That home run turned into a grand slam a few hours later when the Pathfinder team convened a press conference to unveil the panoramic color images the ship had beamed home. The pictures revealed the Marsscape with a richness and resolution the black-and-white shots couldn't. But it also revealed the problem of the obstructing airbag. It was bad enough luck that one of the mounds of fabric was bunched up in front of a petal; far worse that it was the one petal that was supposed to allow the rover egress. "The great galactic ghoul had to get us somewhere," said Donna Shirley, J.P.L.'s Mars program manager and Sojourner's designer, "and apparently the ghoul has decided to pick on the rover."
Happily, this was a problem NASA had foreseen. In J.P.L.'s so-called sandbox, a roomful of Mars-like rock and soil with a mock-up lander and rover, the engineers had rehearsed a fairly straightforward maneuver that called for Pathfinder to raise one petal, tilting the entire craft 45[degrees], retract the deflated bag further and then lower the petal. The signal to execute the maneuver was sent up shortly before Earth set over the Martian horizon, breaking the communications link until dawn; just before the connection was actually severed, a picture came back confirming that the command had been executed. Though a portion of the bag still blocked part of the petal, there was probably enough room for Sojourner to slip by.
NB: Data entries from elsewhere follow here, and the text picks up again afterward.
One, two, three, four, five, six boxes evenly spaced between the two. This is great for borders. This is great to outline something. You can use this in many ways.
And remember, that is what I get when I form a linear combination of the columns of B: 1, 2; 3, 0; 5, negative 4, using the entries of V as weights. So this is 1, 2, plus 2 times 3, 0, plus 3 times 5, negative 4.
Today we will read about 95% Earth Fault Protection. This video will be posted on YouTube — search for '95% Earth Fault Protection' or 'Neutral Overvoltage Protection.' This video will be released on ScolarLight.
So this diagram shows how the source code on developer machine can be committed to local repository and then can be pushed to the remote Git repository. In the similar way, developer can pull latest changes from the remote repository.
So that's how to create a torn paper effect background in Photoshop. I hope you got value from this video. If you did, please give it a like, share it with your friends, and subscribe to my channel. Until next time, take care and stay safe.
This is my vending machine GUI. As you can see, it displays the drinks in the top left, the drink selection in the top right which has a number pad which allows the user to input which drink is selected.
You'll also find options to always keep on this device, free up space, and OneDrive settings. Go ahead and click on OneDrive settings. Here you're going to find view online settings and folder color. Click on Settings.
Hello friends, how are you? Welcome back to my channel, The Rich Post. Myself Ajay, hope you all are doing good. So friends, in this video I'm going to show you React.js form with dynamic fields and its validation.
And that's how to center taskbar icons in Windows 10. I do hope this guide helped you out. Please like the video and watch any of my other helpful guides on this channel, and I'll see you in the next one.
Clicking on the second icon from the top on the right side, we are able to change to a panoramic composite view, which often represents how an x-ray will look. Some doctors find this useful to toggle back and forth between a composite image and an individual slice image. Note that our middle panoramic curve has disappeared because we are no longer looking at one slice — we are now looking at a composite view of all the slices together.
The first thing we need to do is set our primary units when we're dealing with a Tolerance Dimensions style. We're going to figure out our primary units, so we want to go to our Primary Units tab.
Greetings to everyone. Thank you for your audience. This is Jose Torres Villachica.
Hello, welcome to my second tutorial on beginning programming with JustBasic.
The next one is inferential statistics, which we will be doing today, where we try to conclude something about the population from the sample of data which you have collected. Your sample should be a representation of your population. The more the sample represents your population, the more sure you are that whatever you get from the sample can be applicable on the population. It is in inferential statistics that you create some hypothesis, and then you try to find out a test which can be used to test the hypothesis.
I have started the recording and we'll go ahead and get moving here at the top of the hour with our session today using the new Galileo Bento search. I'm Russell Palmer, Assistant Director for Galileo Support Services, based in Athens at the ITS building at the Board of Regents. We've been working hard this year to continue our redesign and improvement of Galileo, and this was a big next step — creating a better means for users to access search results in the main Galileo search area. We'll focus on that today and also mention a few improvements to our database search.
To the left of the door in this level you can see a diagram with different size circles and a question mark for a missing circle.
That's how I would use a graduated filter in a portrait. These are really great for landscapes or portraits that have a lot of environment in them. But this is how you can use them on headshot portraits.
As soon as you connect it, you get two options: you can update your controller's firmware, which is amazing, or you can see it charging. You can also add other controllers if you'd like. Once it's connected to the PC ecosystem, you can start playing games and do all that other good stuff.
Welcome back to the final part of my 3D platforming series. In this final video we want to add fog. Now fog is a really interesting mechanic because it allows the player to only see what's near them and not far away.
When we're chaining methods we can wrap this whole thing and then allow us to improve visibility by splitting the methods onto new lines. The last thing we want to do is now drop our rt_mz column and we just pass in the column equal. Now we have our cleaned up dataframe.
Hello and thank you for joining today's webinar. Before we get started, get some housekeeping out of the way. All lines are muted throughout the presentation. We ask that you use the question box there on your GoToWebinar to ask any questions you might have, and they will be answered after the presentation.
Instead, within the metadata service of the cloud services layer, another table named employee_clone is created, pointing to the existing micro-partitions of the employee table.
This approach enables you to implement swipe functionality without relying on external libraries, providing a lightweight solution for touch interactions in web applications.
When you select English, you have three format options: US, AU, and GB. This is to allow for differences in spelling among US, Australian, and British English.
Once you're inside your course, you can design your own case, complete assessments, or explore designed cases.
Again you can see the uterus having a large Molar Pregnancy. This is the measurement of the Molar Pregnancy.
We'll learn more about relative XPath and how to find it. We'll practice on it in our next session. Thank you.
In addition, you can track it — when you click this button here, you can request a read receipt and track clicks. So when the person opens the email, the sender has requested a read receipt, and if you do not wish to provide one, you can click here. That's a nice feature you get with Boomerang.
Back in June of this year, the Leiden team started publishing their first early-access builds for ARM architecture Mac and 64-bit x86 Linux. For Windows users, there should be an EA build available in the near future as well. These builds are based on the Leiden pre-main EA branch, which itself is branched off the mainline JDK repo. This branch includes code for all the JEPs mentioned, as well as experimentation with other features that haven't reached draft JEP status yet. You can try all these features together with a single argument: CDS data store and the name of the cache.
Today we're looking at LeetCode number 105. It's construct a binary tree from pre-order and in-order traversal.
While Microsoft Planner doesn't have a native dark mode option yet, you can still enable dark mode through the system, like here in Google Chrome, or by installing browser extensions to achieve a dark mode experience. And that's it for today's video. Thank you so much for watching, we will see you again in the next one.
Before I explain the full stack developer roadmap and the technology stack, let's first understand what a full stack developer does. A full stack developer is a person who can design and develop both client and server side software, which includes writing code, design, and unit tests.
The communication glitch between the lander and the rover took longer to resolve, but by late Saturday engineers believed they had synchronized the two systems and were cautiously declaring that that problem too was licked. Simply because Sojourner was now able to take to the Martian plains, however, did not mean that the going would be anything but painstakingly slow. For all its anthropomorphic sweetness, the plucky rover is a rather dimwitted machine. Its route from rock to rock will be programmed for it by a controller at a J.P.L. console, those instructions will be relayed to it through the Pathfinder lander and only then, if all looks safe, will the car be allowed to push off. Since even signals traveling at the speed of light take 11 minutes to cover the 119 million miles between Earth and Mars, it's impossible for controllers to stop Sojourner from running into an obstacle or over a cliff. The car thus moves excruciatingly slowly--just 2 ft. per minute--reducing the likelihood that it will stumble into trouble. Built-in gyroscopes serve as a sort of on-board vestibular system, helping the rover feel for bumps and potholes; a tracery of five laser beams helps it feel for obstructions. In addition, when Sojourner ventures out it will transmit a regular, pulselike signal back to the lander, which will serve as a sort of vehicular EKG, constantly confirming that all is well.